In 1956, a brand new Douglas Aircraft DC-7B was christened with US registration number N101LM. She was to begin service as a passenger airliner for American Airlines.


Powered by four Wright Radial R-3350 Series engines, she carried a crew of 2 pilots, 1 flight engineer, 2-4 stewardesses and 102 passengers. She was one of 24 DC-7Bs ordered by American.

The Wright Radial Cyclone engine was designed in 1937. Each of her four engines consisted of 18 cylinders, arranged in banks of two, displaced 3,350 cubic inches, and churned out 3,250 horsepower. These supercharged engines were the most powerful piston aircraft engines ever built.

The DC-7 had a range of up to 5,000 miles at a maximum ceiling of 28,000 feet, depending on payload. It took her just under 8 hours for a non-stop US coast to coast flight, at a cruise speed of 360 mph.

The DC-7 airliner was the last of an era, preceded by the DC-3, DC-4 and DC-6 aircraft. As a child in the early 1960′s, I can vaguely recall flights on aircraft like the DC-7 and the Constellation. I remember being asked if I wanted to visit the cockpit and flight crew before take off. It was an era of fine linen table cloths, real china, edible food and well-dressed travelers.

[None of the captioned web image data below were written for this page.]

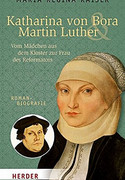 Katharina von Bora & Martin Luther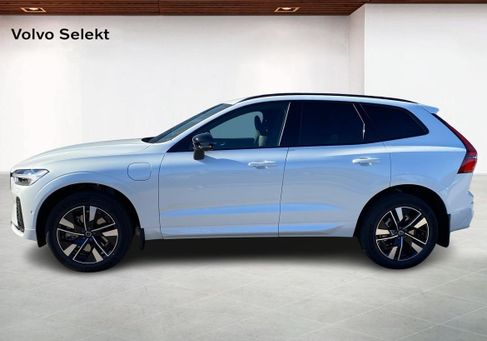 Volvo XC60, 2027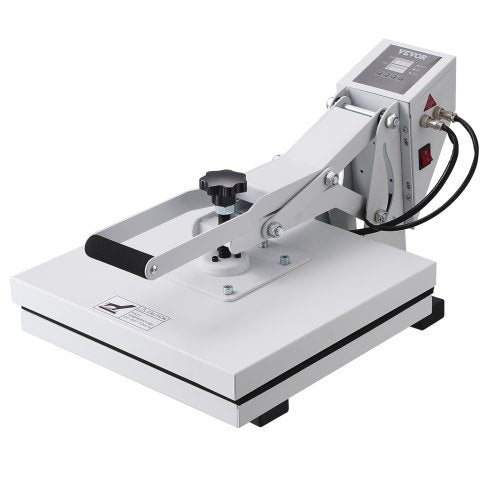 Termo presas VEVOR WBFHPM3804, 38x38 cm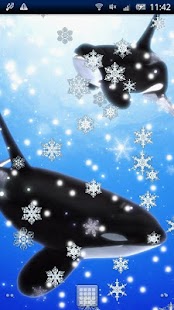 How to download Orca Snow 1.0.0 apk for bluestacks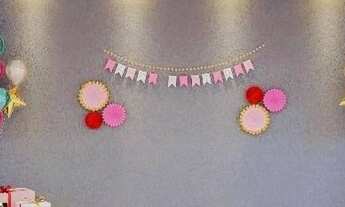 Imagem 6: Repasse de apartamento no ville dos ventos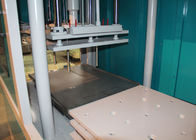 Celulose semiautomática que molda a máquina de pressão quente que faz os produtos industriais 20tons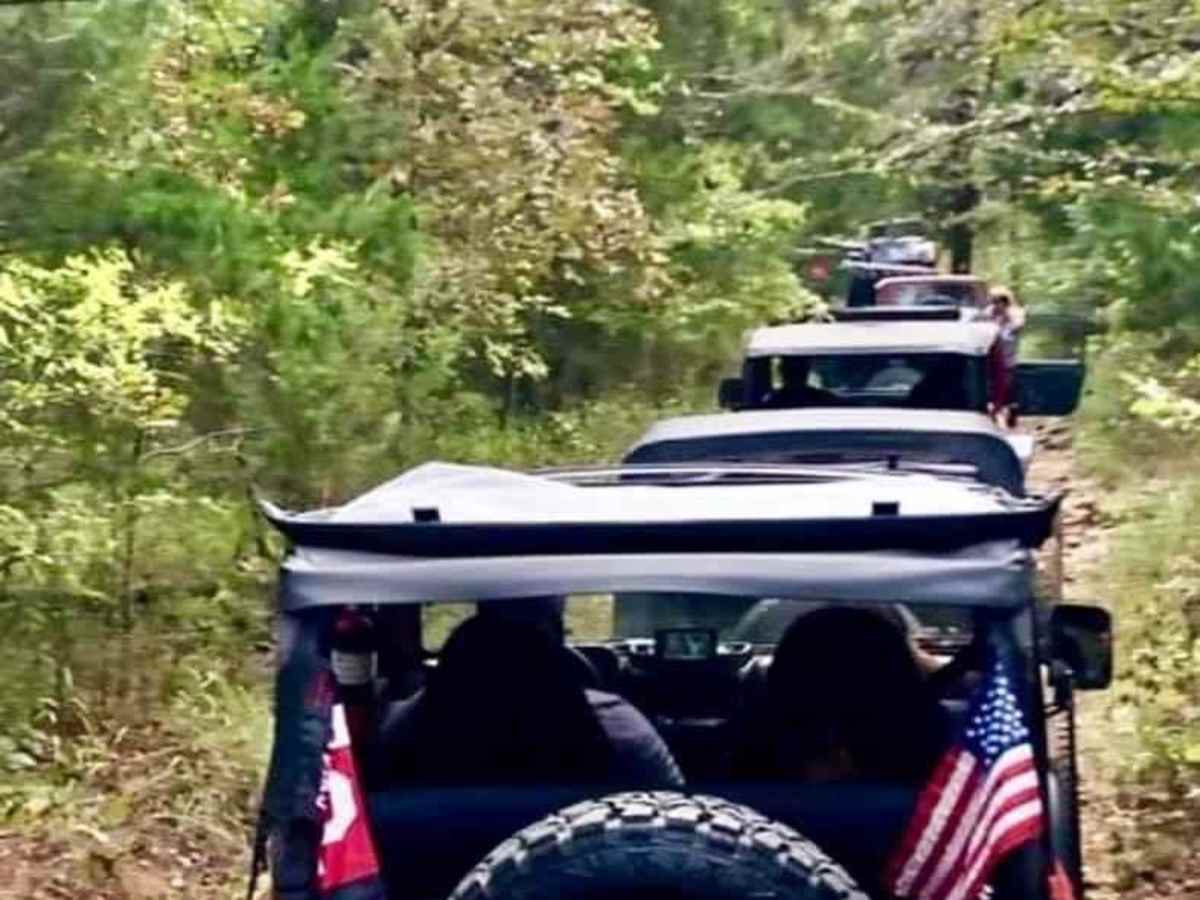 Bunker Hill Loop photo 2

Certainly, it was well before the era of rude passengers, surly flight attendants and the TSA.

Starting in the late 1950′s, piston-engine commercial passenger aircraft was phased out due to the arriving jet age. Jet engines were quieter and more reliable. They burned inexpensive Jet-A fuel as opposed to Avgas. Jetliners flew higher, farther and faster than radial-powered piston aircraft. Just 107 DC-7Bs were built before the Douglas DC-8 and Boeing 707s jetliners began service in the late 1950′s.

After her passenger carrying days were over, N101LM was registered as N381AA and earned her living as an air freighter.

N381AA spent her last 6 years as a cargo hauler operating out of Opa Locka, FL, (KOPF) near Miami, operated by Turks Air.

Finally, in mid 2012, and after over 32,000 flight hours on the airframe, she was sold one last time. But she would not fly again. Her wings and vertical stabilizer were removed and she was loaded on a trailer and trucked 250 miles north, up  Interstate 95, to the New Smyrna Beach Airport, FL (KEVB). There, the wings were re-installed, commencing the process of being converted to a fine dining restaurant at the little GA field.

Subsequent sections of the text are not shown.